--- What to do ---
Pictures aside, copy exactly the lines running from the one with "Fauteuil moderne - NAICA" to the end of the records.

--- Source data ---
.....
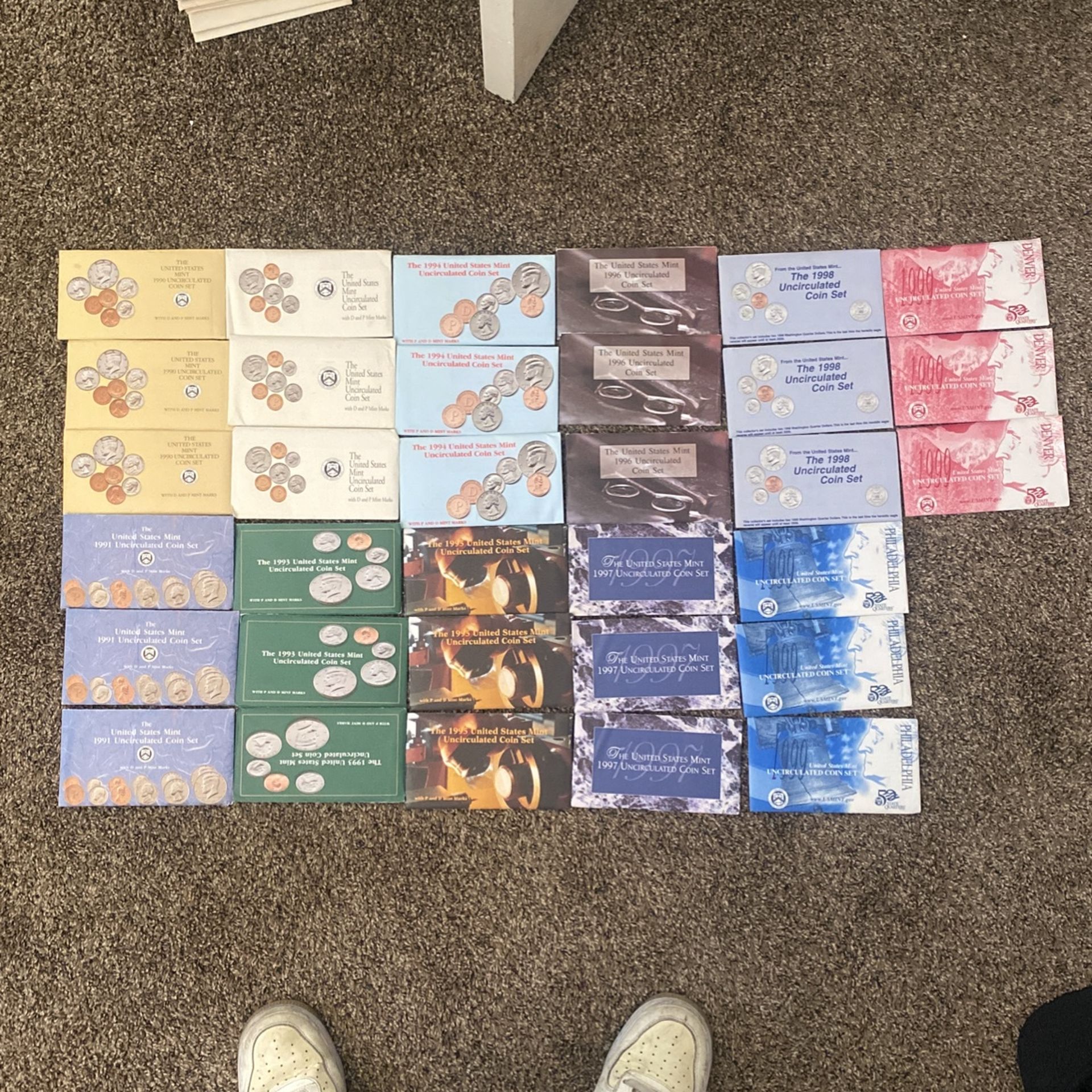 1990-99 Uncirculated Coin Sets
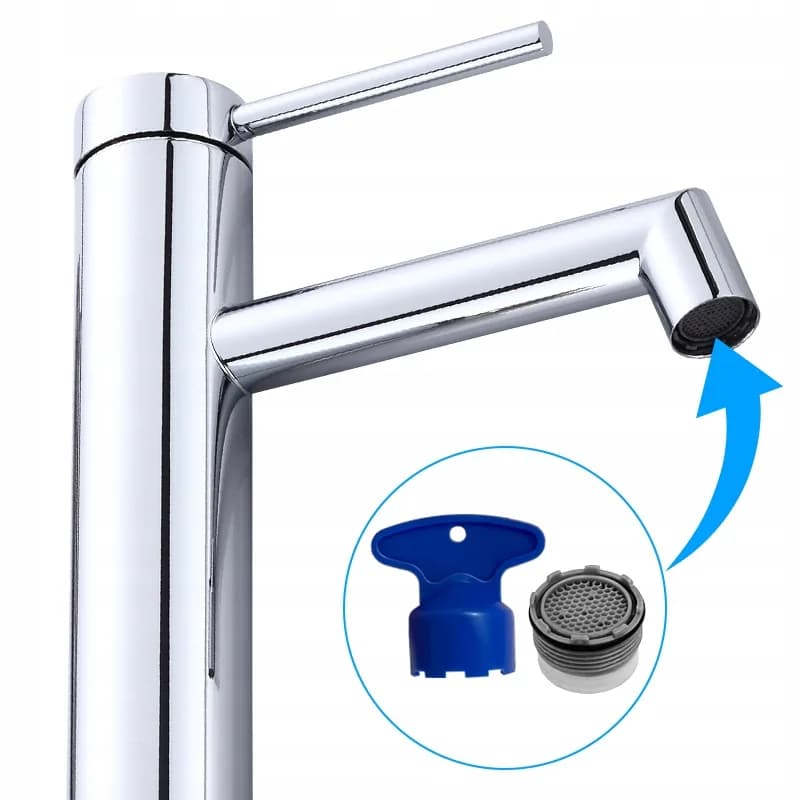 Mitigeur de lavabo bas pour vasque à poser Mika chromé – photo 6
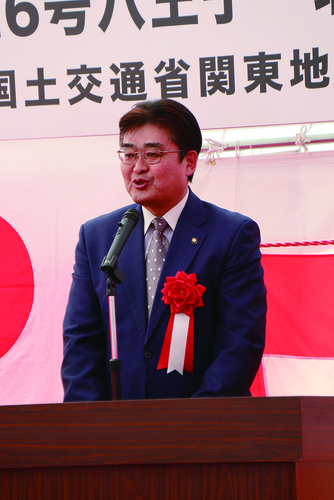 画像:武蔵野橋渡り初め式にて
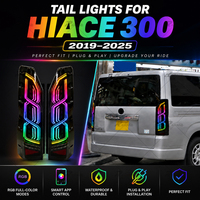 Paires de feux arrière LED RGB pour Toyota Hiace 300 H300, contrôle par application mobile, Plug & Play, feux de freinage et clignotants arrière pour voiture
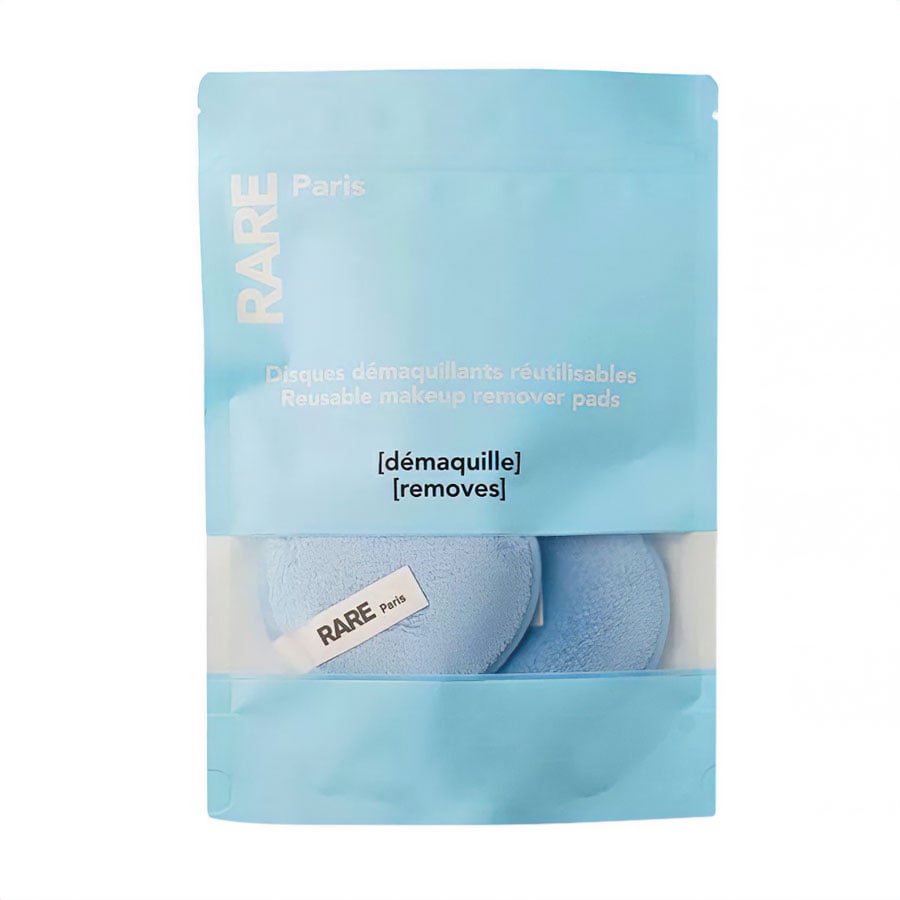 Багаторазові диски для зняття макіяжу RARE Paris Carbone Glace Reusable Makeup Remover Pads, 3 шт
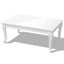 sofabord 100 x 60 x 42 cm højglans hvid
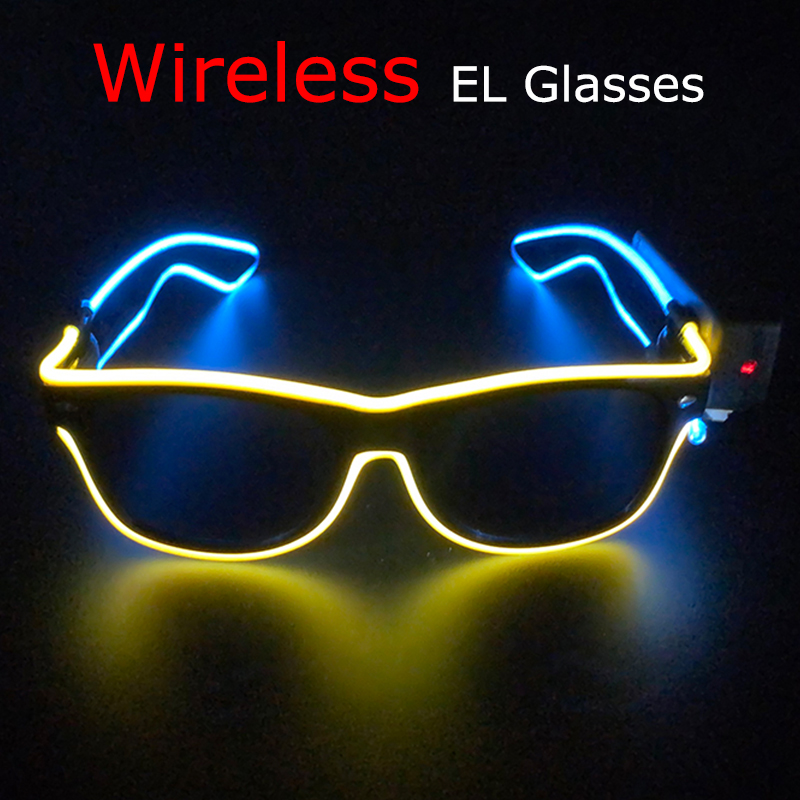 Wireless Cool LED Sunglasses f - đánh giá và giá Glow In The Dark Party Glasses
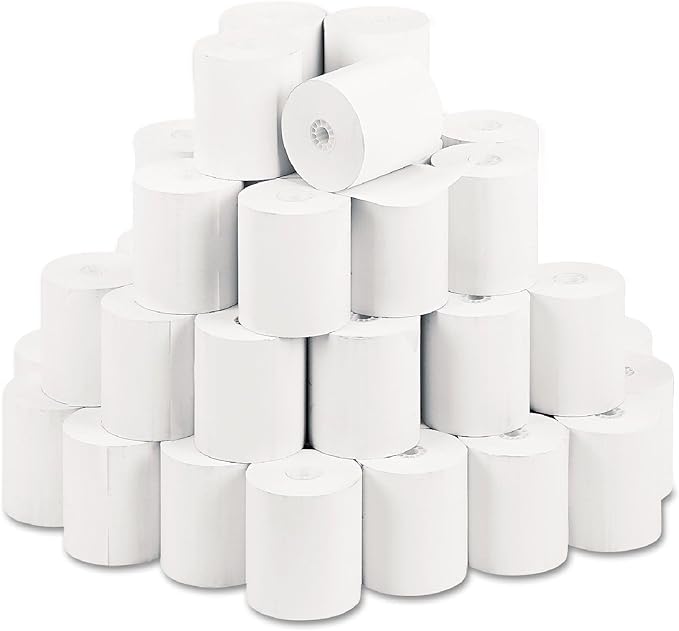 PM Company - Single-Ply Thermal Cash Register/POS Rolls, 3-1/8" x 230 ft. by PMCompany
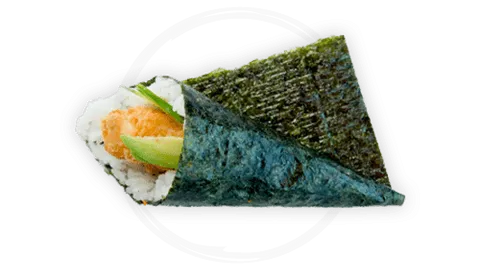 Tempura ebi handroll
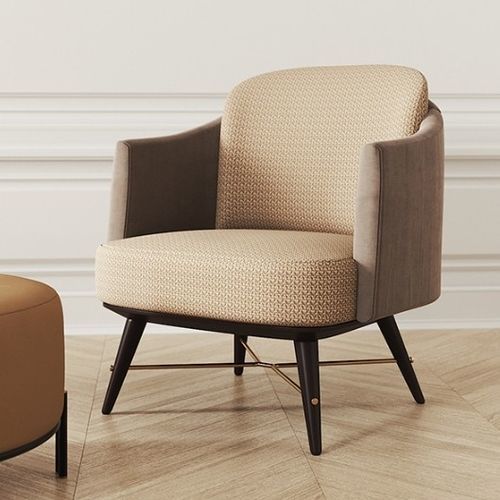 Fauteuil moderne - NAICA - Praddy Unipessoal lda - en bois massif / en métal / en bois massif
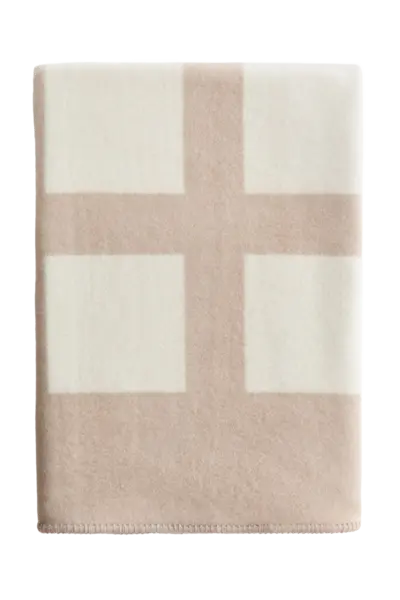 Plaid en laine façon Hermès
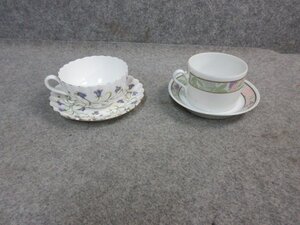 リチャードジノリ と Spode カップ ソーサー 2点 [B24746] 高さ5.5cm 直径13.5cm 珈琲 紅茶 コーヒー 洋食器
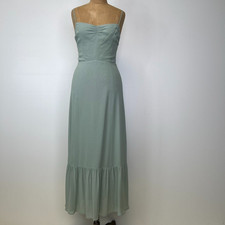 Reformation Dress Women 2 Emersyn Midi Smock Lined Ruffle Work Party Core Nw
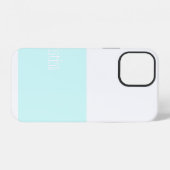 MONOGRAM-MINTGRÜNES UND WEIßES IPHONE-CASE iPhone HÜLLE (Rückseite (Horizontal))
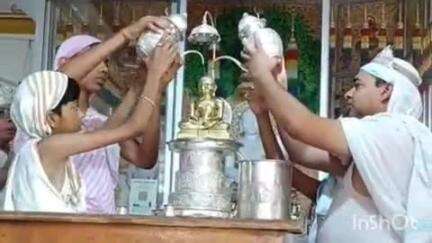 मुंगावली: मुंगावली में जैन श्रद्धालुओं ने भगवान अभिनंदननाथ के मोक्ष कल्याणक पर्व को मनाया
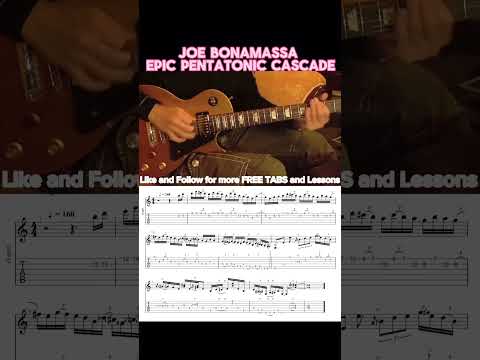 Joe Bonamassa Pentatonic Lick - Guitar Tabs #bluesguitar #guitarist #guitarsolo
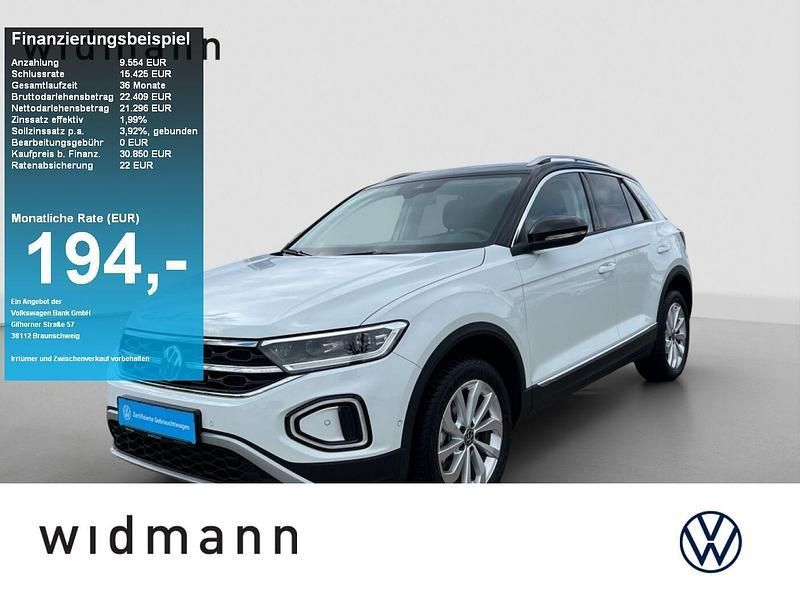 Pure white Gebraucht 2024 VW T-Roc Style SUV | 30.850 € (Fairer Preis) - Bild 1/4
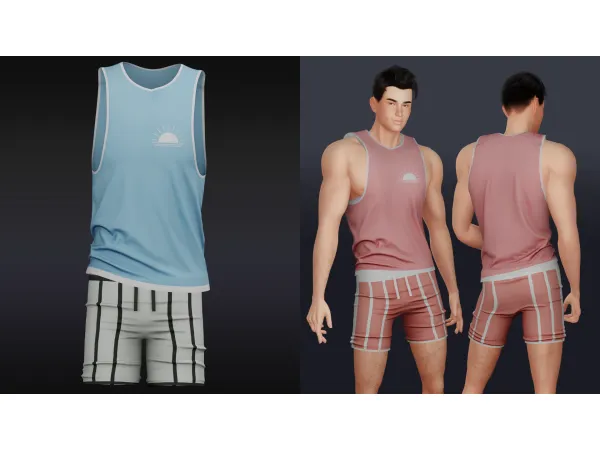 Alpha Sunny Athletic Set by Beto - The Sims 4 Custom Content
.....
--- Result for this task ---
 Fauteuil moderne - NAICA - Praddy Unipessoal lda - en bois massif / en métal / en bois massif
 Plaid en laine façon Hermès
 リチャードジノリ と Spode カップ ソーサー 2点 [B24746] 高さ5.5cm 直径13.5cm 珈琲 紅茶 コーヒー 洋食器
 Reformation Dress Women 2 Emersyn Midi Smock Lined Ruffle Work Party Core Nw
 MONOGRAM-MINTGRÜNES UND WEIßES IPHONE-CASE iPhone HÜLLE (Rückseite (Horizontal))
 मुंगावली: मुंगावली में जैन श्रद्धालुओं ने भगवान अभिनंदननाथ के मोक्ष कल्याणक पर्व को मनाया
 Joe Bonamassa Pentatonic Lick - Guitar Tabs #bluesguitar #guitarist #guitarsolo
 Pure white Gebraucht 2024 VW T-Roc Style SUV | 30.850 € (Fairer Preis) - Bild 1/4
 Alpha Sunny Athletic Set by Beto - The Sims 4 Custom Content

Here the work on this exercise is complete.